▶ [Work required]: Would you return exactly the lines below from the line with "2024 PANINI DONRUSS" through the line with "babor Skinovage Instant", both included, and nothing else, leaving out the pictures?

▶ [Study material]:
════

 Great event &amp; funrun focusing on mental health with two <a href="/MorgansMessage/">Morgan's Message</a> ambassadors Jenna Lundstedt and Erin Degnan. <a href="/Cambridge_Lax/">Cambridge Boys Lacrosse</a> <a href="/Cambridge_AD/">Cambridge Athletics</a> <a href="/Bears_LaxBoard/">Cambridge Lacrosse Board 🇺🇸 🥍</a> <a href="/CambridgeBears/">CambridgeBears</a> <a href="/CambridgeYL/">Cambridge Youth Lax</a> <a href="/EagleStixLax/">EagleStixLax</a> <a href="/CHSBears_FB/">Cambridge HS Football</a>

════

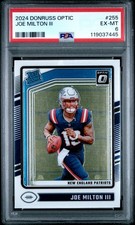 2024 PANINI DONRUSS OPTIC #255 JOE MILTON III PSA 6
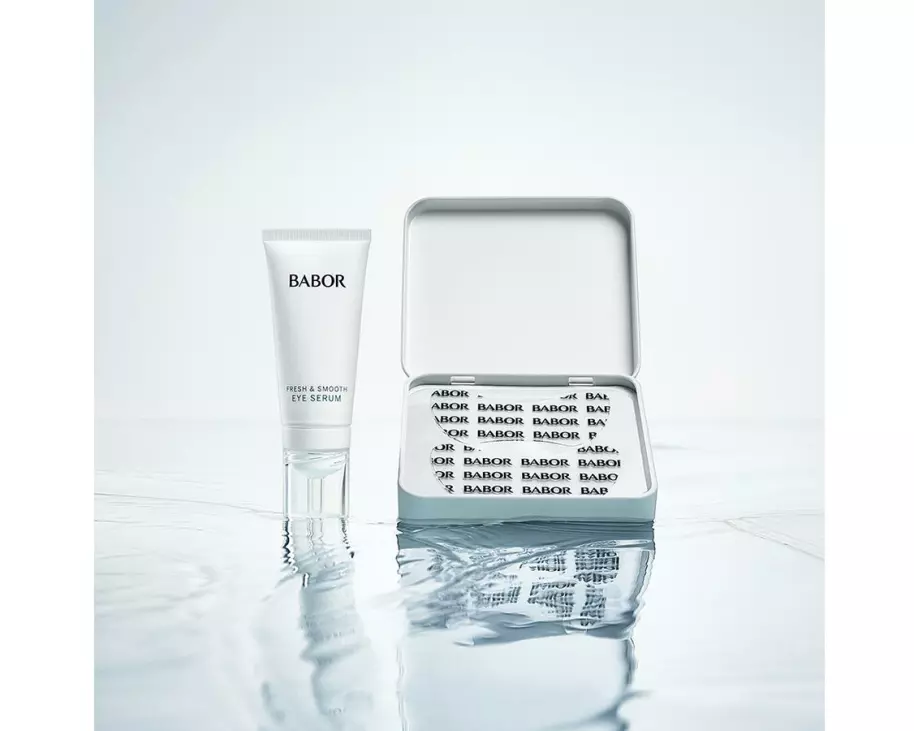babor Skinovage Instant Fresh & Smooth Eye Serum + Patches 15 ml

════

▶ [Written solution]:
 2024 PANINI DONRUSS OPTIC #255 JOE MILTON III PSA 6
babor Skinovage Instant Fresh & Smooth Eye Serum + Patches 15 ml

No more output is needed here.